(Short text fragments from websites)
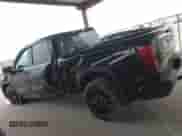 2021 GMC Sierra 1500 Elevation с VIN 3GTP8CEK3MG179249, выставлен на аукционе IAAI как лот 41294699 с пробегом 55 674 миль миль и . История ставок и продаж доступна на DreamBid. Изображение 14.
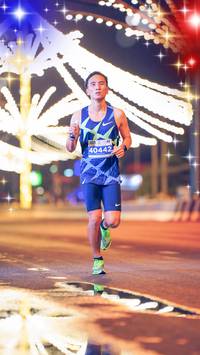 BIB: 40442
                            <button type="button" onclick="openModal(15780264)" class="btn btn-primary btn-sm float-right btn-popup" data-toggle="modal" data-target=".modal-high-quality">
                        <i class="fas fa-shopping-cart"></i> Add to Cart
                    </button>
                                            <button type="button" onclick="isThisMe(15780264, true)" class="btn btn-success btn-sm float-right btn-popup btn-isme hidden" data-toggle="tooltip" data-placement="bottom" title="นี่คือรูปของคุณใช่ไหม คลิกที่นี่เพื่อเอาเข้าอัลบั้ม">
                        <i class="fas fa-plus"></i> Add to album
                    </button>
                    <button type="button" onclick="isThisMe(15780264, false)" class="btn btn-warning btn-sm float-right btn-popup btn-isnotme hidden">
                        <i class="fas fa-ban"></i> Remove from album
                    </button>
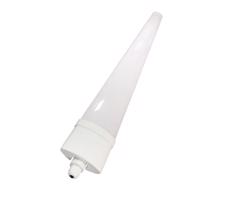 LED Oświetlenie techniczne LED/60W/230V IP65 4000K 120cm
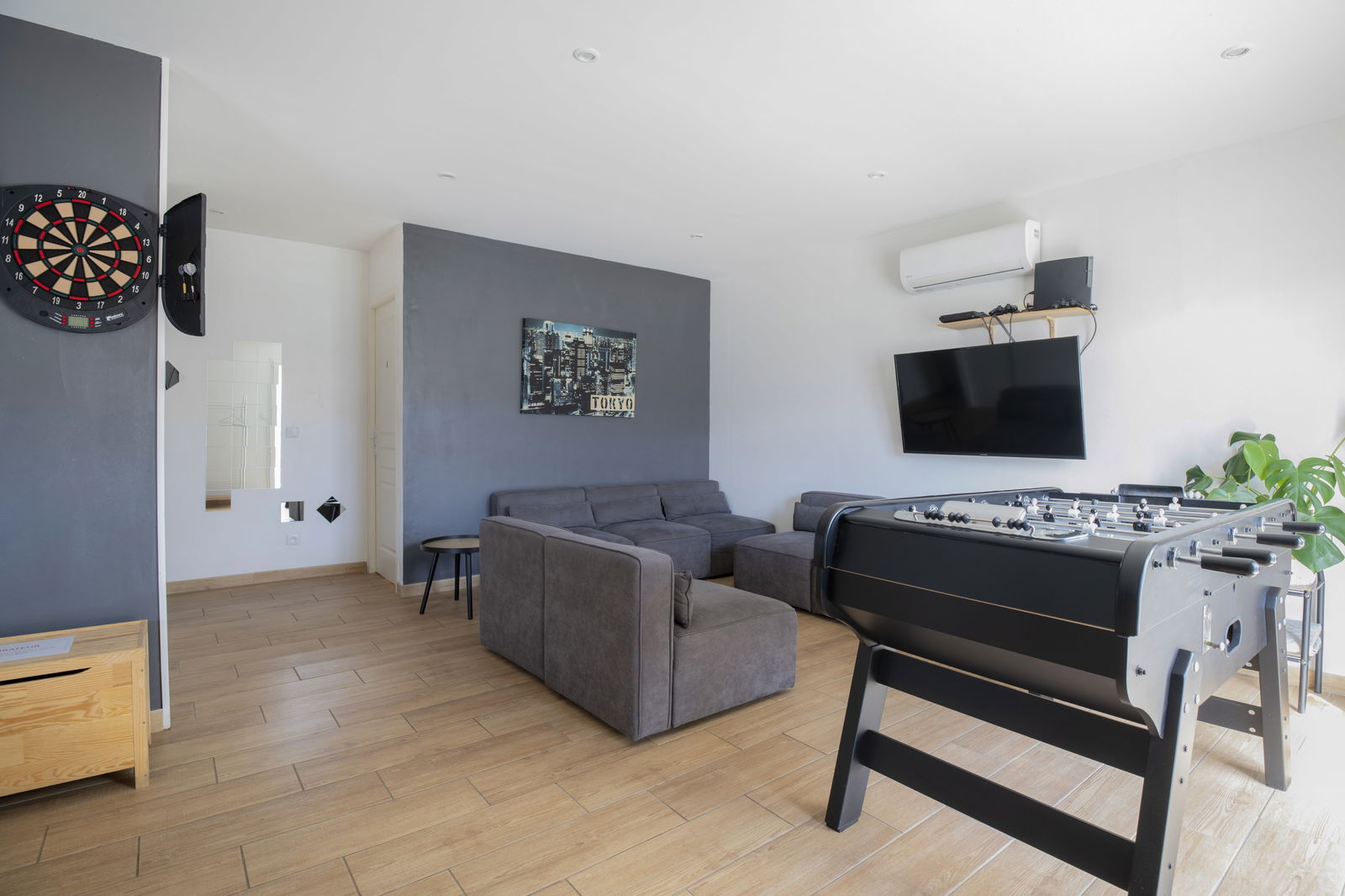 Colocation Saint-Médard-en-Jalles 315929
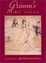 Cover of Grimm's Fairy Tales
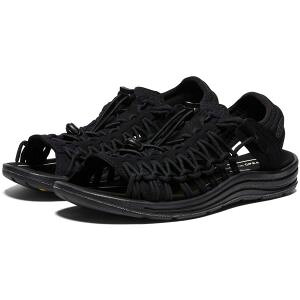 L[ KEEN fB[X T_ j[N 2 OT X|[cT_ X|T AEghA I[vGAXj[J[ 1027297 ubN 1027299 o[` C XCh 2way  ŋz evid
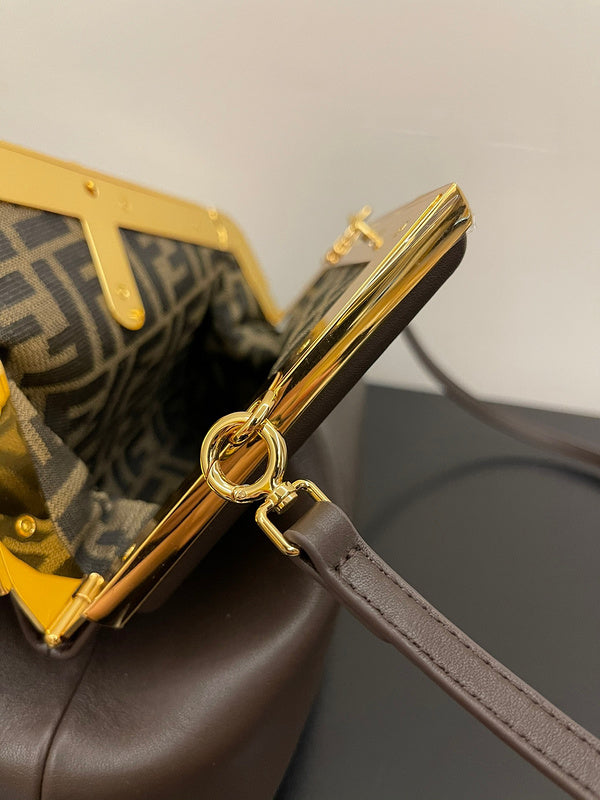 Glami-i - JBE Bags - 174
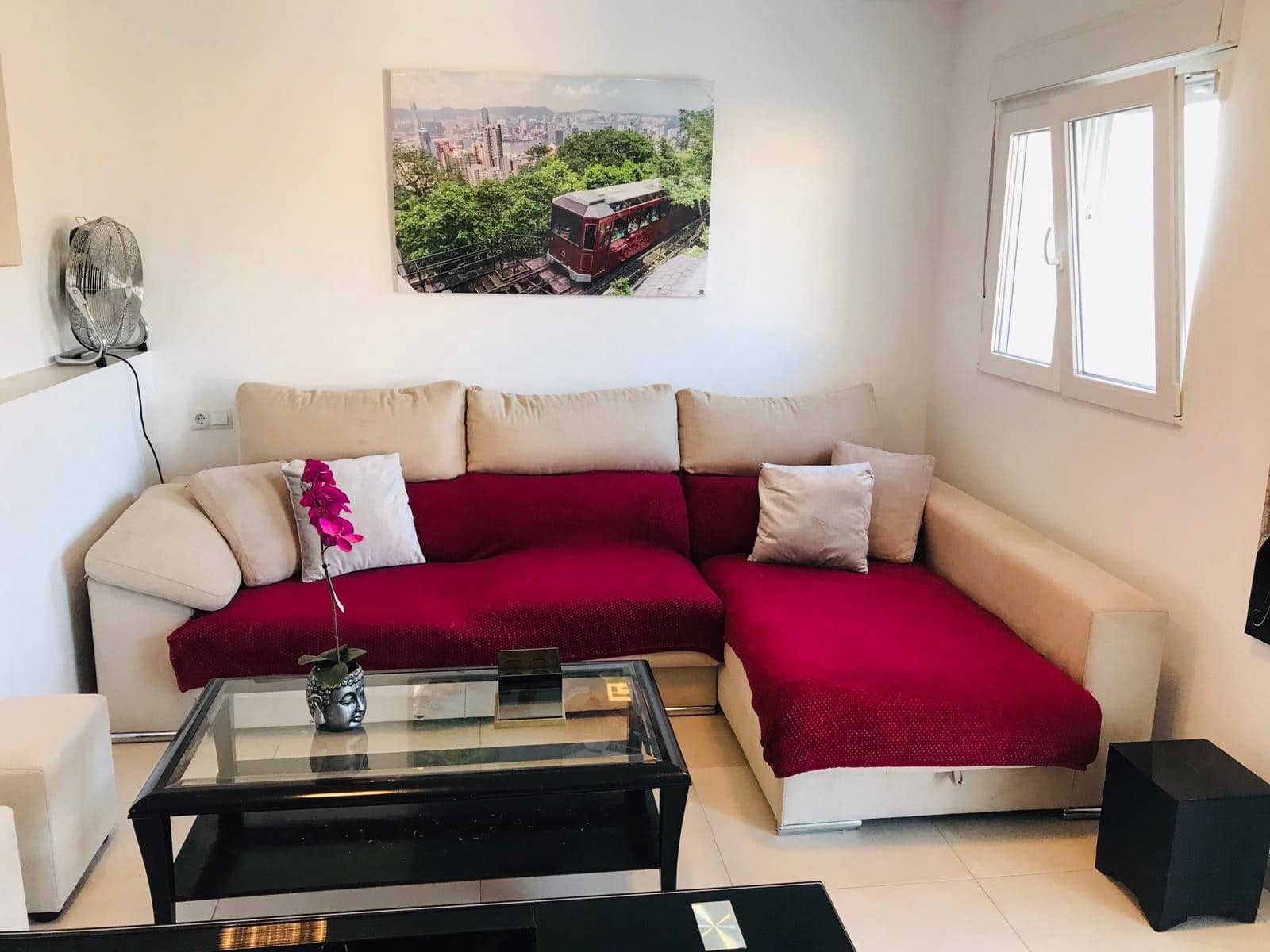 4 sovrum Villa till salu i Ciudad Quesada med pool - 635 000 € (Ref: 10004364)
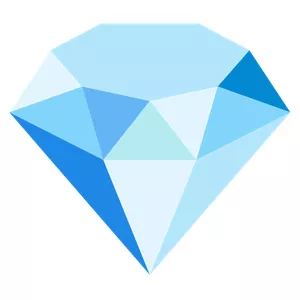Imagem de capa para o Curso online 💎 Programa Aceleração Financeira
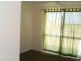 105 Gregory Street, Bowen QLD 4805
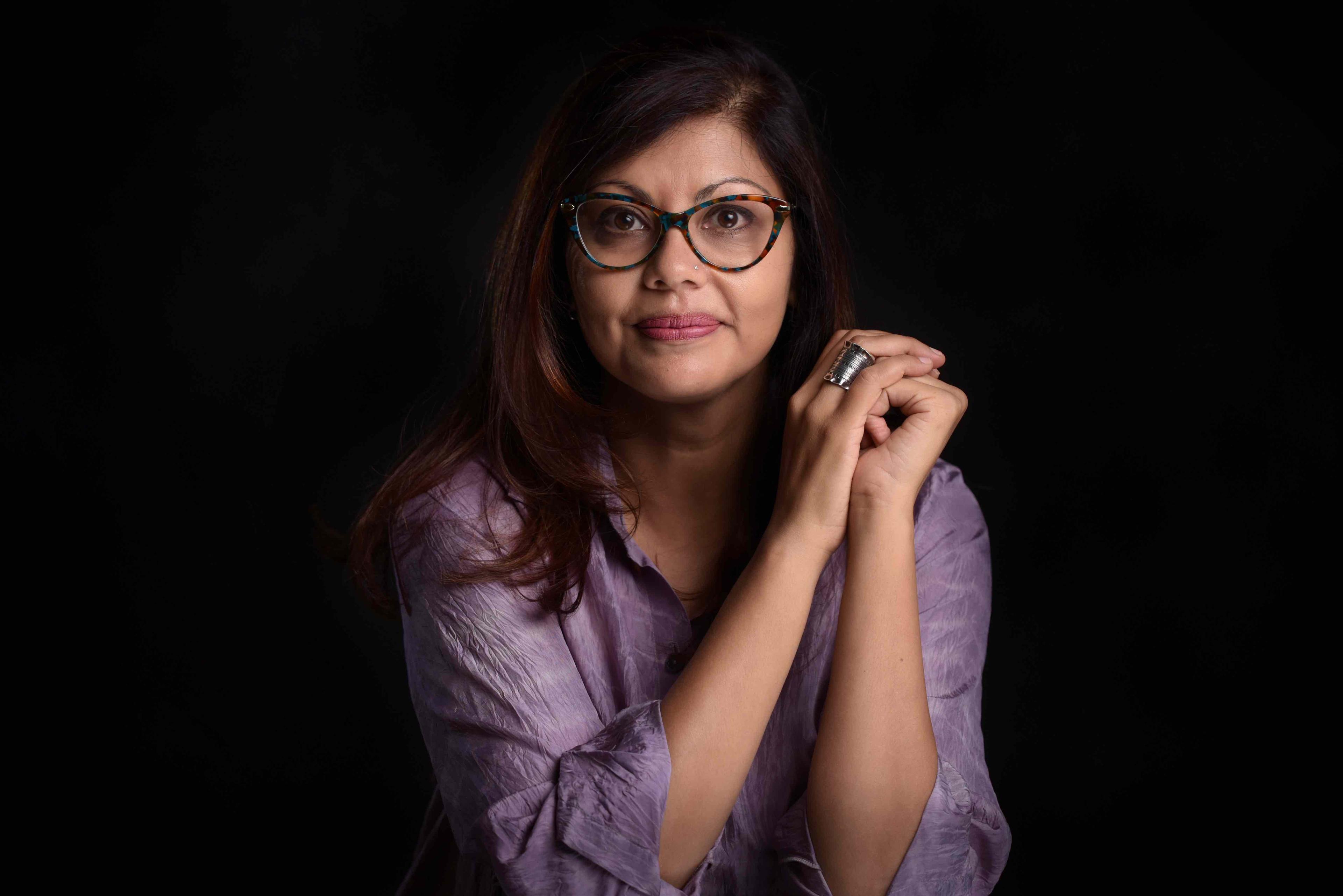 Linkedin Headshots image thumbnail 16
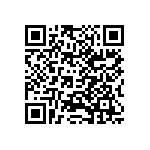 97-3106A32-13PZ QRCode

# REQUIREMENT
Scan the data above for the word "album", then copy every line that holds it.

# RESPONSE AREA
                        <i class="fas fa-plus"></i> Add to album
                        <i class="fas fa-ban"></i> Remove from album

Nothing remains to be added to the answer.